Police don’t object to the games on that Wednesday night being played at Manchester City and Aston Villa.
But police want the derby between Everton and Liverpool to be played away from Merseyside a few days later. The game was originally scheduled at Goodison Park. Liverpool, which leads by 25 points with nine games remaining, could clinch the title by beating Everton if second-placed City loses to Arsenal on June 17.
If the 30-year title drought doesn’t end that day, police want Liverpool’s next game, against Crystal Palace, to be played away from Anfield.
Greater Manchester Police have already determined Liverpool’s third game back against Manchester City should be staged away from Etihad Stadium.
Liverpool’s fourth game back is against Aston Villa, currently scheduled at Anfield.
The same Manchester force wants City’s game against Newcastle and Manchester United’s home game against Sheffield United played outside of the northwest location.

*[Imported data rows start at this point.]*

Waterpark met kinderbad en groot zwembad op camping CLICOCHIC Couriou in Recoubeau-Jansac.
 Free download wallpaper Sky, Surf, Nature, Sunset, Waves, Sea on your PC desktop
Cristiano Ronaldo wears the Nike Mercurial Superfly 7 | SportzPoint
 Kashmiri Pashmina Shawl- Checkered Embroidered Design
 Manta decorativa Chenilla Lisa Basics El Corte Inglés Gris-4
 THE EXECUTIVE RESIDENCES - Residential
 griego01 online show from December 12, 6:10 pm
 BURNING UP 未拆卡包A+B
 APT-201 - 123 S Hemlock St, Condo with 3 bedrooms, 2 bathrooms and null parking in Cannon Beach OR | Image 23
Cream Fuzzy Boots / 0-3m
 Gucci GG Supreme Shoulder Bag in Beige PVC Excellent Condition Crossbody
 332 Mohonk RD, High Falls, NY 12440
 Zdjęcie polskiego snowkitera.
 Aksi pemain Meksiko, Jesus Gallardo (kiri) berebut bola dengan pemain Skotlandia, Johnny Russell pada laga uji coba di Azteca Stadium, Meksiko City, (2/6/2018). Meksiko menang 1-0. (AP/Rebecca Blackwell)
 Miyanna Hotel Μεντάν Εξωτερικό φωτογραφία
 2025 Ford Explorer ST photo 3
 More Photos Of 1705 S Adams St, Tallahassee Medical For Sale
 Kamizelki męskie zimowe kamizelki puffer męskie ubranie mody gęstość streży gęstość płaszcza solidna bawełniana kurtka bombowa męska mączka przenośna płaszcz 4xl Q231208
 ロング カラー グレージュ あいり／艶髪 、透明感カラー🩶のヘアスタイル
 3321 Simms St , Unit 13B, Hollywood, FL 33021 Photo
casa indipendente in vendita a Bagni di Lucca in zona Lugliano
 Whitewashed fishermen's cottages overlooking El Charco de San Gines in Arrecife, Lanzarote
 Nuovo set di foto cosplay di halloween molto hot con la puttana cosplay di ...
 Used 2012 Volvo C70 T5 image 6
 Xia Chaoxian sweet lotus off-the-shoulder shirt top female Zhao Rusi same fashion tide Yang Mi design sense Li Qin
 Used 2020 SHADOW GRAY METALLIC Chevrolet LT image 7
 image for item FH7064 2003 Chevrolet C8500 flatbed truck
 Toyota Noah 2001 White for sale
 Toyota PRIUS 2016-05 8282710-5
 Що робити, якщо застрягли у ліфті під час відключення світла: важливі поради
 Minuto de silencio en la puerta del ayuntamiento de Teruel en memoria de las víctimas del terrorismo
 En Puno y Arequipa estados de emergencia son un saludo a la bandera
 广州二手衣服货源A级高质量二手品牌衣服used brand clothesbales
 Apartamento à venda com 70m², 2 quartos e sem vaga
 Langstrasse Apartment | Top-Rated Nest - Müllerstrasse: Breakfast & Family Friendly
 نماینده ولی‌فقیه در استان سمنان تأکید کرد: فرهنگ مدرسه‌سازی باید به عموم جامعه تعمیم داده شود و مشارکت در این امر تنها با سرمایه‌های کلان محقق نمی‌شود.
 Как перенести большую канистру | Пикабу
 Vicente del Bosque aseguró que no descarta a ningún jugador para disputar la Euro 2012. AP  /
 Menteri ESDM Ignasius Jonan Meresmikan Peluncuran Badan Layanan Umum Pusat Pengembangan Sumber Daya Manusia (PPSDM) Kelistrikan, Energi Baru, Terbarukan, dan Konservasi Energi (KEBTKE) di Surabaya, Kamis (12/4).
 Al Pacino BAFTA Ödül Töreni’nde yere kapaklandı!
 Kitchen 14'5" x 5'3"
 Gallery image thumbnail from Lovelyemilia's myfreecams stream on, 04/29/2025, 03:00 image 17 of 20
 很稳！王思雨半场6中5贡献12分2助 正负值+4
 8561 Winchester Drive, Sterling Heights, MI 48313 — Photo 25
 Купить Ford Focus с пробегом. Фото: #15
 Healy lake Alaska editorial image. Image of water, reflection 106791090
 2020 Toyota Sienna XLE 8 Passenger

Police in Newcastle also don’t want the home game against Liverpool to be played at St. James’ Park on the final day of the season, which could be July 26.
Mark Roberts, the head of football policing in England, said the plans will remain under review but are based on public health demands.
“We have reached a consensus that balances the needs of football, while also minimizing the demand on policing,” said Roberts, the football policing lead at the National Police Chiefs’ Council. “The views and agreement of forces which host Premier League clubs have been sought and where there were concerns, the Premier League has been supportive in providing flexibility in arranging alternative venues where requested.”
One obvious neutral venue is Wembley Stadium in north London which is not the home of any club side.
“This plan will be kept continually under review to ensure public health and safety and a key part of this is for supporters to continue to respect the social distancing guidelines, and not to attend or gather outside the stadiums,” Roberts said.
Even without a vaccine for COVID-19, fans could return to games next season, which is due to begin in September.
“There is optimism at the Premier League and at clubs that we will see fans back in the stadiums next season,” Premier League chief executive Richard Masters told Sky Sports TV, “and it may happen on a phased basis.”
Only 200 of the 380 Premier League games each season are contracted to be broadcast live in Britain, but all remaining fixtures will be aired live because fans will not be allowed in stadiums.
The reshaped English season is set to end with the FA Cup final on Aug. 1.
The Football Association on Friday announced its competition will provisionally resume with the quarterfinals on the weekend of June 27-28. The semifinals are now scheduled for July 18-19.
“This has been a difficult period for many people and, while this is a positive step, the restart date is dependent on all safety measures being met,” FA chief executive Mark Bullingham said.
Though the COVID-19 deaths per day have fallen in Britain since early April, another 377 were still reported on Thursday, bringing the known death toll in all settings including hospitals and care homes to 37,837.